Business Strategy vs. Product Strategy
A business strategy describes how a company wants to achieve its overall aspiration and create value for its users, employees, and shareholders. It’s distinct from the product strategy: The business strategy states how the company will be successful, whereas the product strategy describes how a product will achieve success, as the following picture illustrates.
The business strategy provides the company with the basis for making the right investment decisions. This includes determining if a new product idea should be pursued and how much money should be spent on an existing product. At the same time, it offers you, the person in charge of the product, the necessary context to make the right strategic product decisions, for example, the market your product should serve and the business goals it should meet. It is therefore a key input for any product discovery work.
Unfortunately, it’s not uncommon in my experience that organisations don’t have a business strategy, or that the strategy is not communicated. Statements like we want to grow, increase our profit margin, or gain more market share are not business strategies. Achieving growth is a business imperative; increasing margins and market share are goals that might be part of a business strategy. On their own, they are not enough.
Elements of an Effective Business Strategy
What does an effective business strategy look like? I find Roger Martin’s approach for creating such a strategy helpful. It involves answering the following five questions.
What is your winning aspiration? Why does your organisation exist? What is the company’s vision? State the purpose of the organisation that provides continued guidance and helps identify the right strategic objectives. Think, for instance, of Google’s vision “to organise the world’s information and make it universally accessible and useful”.
Where will you play? Clearly describe the areas in which the company will compete to fulfil its aspiration. Who should benefit from your offerings? Do you intend, for instance, to address existing markets? Or do you aim to create new markets (also called blue oceans). Which geographies or regions do you want to address? Which product categories and channels will you require? Note that answering this question requires making tough choices—saying yes to some options, and explicitly discarding others.

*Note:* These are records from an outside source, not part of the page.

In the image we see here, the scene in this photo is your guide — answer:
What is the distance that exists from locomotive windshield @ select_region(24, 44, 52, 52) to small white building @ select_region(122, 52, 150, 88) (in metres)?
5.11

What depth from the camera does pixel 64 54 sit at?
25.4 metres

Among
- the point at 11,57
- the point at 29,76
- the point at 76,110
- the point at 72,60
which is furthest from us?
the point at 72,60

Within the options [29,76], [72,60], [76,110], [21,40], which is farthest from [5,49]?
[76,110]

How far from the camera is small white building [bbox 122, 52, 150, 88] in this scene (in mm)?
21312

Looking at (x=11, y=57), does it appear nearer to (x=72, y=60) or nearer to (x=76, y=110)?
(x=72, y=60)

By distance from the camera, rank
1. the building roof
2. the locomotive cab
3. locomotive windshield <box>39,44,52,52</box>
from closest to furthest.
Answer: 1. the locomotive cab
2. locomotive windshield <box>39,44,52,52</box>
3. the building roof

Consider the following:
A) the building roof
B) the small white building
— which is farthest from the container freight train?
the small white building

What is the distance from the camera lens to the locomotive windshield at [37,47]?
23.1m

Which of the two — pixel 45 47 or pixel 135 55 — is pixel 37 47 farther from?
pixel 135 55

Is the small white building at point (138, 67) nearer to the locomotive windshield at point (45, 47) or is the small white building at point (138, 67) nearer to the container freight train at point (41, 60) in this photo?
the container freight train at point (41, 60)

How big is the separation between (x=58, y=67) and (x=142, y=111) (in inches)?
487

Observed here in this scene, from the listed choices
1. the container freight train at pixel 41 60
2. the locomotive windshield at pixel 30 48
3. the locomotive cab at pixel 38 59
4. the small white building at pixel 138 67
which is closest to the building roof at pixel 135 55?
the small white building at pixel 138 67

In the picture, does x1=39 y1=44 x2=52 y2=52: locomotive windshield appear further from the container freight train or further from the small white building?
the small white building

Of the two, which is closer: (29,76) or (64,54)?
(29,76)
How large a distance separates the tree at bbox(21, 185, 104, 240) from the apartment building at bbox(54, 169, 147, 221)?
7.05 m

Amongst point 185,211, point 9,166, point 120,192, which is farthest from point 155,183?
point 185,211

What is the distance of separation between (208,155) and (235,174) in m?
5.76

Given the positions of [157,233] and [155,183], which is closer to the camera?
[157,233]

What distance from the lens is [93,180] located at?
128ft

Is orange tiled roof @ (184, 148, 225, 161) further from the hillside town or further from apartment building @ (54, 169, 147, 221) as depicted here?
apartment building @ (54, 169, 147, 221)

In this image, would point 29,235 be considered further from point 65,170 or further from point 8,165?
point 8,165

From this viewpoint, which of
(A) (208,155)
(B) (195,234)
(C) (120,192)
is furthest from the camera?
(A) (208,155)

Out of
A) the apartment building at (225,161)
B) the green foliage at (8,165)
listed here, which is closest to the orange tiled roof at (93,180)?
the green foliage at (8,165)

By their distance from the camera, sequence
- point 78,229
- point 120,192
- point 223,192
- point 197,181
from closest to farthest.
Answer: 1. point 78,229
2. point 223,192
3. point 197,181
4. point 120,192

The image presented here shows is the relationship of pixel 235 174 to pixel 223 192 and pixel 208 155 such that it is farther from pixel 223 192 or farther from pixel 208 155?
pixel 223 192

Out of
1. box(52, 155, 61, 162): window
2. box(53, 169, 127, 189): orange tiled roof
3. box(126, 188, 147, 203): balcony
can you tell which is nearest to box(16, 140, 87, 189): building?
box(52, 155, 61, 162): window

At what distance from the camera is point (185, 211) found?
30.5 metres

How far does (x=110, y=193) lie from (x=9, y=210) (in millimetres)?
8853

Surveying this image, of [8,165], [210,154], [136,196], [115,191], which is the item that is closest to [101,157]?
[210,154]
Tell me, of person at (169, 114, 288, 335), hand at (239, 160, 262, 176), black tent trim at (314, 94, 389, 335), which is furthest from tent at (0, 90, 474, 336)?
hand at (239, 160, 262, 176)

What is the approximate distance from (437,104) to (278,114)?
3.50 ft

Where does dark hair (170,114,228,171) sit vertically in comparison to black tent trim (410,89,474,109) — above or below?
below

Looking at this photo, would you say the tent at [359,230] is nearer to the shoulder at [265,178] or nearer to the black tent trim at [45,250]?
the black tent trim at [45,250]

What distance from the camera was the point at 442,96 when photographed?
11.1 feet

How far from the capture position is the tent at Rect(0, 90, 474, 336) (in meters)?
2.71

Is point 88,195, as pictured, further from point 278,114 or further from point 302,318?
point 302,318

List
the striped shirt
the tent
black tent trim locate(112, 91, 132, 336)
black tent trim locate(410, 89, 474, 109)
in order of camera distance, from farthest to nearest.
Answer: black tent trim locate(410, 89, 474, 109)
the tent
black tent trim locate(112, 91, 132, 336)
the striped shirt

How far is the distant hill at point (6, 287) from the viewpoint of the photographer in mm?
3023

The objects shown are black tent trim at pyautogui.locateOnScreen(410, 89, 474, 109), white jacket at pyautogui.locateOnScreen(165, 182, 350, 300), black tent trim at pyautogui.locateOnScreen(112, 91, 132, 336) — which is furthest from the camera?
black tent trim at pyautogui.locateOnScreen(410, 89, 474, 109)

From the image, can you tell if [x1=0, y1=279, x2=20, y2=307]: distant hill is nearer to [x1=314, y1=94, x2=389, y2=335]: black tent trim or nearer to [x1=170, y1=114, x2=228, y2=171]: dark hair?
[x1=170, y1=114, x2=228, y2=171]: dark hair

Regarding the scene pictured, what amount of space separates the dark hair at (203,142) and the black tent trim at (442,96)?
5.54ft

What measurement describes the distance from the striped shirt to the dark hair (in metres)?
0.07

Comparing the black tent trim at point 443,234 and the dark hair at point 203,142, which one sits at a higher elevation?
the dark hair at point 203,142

How will you win? What is your competitive advantage? For example, cost leadership (low prices), differentiation (uniquely desirable products and services), or focus (niche markets)—three options originally suggested by Michael Porter. Answering this question requires you to understand the strengths and weaknesses of your business and the competition you face.
What capabilities must be in place? What do you need to be really good at? Which new products or services do you require? Which existing products you should enhance, and which offerings you should remove? In other words, decide how you should adjust your product portfolio thereby creating the context to allow the product people to make the right strategic choices for their individual products.
Which management systems are required? Which processes and structures are necessary to build the appropriate capabilities and reinforce your organisation’s strategic choices? This might involve creating or strengthening a product management organisation and hiring or developing product people who have the right skills to professionally manage digital products.
Note that there is no perfect business strategy—just like there is no perfect product strategy. Instead, strategy is about increasing the chances of being successful. Bear in mind that strategy is not fixed: as the market and competition change, your business and product strategies have to evolve. It is therefore important that you regularly review the business strategy, as well as the product strategy—biannual reviews for the former, and quarterly reviews for the latter, as a rule of thumb.
Ownership of Business and Product Strategy
Who’s responsible for ensuring that an effective business strategy exists? The answer is simple in my mind: executive management. The leadership team of any company must lead the effort to create, review, and adjust the business strategy.
But things are different when it comes to product strategy. Product management should be in charge of the product portfolio and make the necessary product strategy decisions—within the context established by the business strategy. This requires that the product people know the business strategy, have the appropriate decision-making authority, trust, and support, as well as the right knowledge and skills, as the picture below shows.
Regrettably, the division of labour shown above is not always used. I have worked even with mid-sized companies, where the leadership team was firmly in charge of product strategy; the product people were largely left to manage the product backlogs and write user stories. While there is usually a reason for this setup—for example, the founders are still in charge and find it hard to let go, or the product people lack the right skills and experience—I find that it risks turning the leadership team into a bottleneck thereby limiting the company’s growth opportunities. It often has a negative impact on morale in product management too—few product people enjoy being solely a backlog manager and not being able to shape the key product decisions.
While I believe that is helpful to have the right roles and responsibilities in place, business and product success relies on an effective collaboration between executive/senior and product management. As a product person, you should contribute to the business strategy. You often hold key insights into markets, competition, and trends. You are therefore able to help answer the five strategy questions discussed earlier, and in particular determine the necessary product portfolio adjustments. Similarly, the leadership team may be able to help make the right portfolio decisions and probably wants to understand how the product portfolio executes the business strategy, which business goals the individual products support, and which KPIs will be used to measure their performance.
If you currently don’t have a business strategy available, I would encourage you to collaborate with management to create one. Without it, you risk making wrong or suboptimal product decisions instead of achieving product success.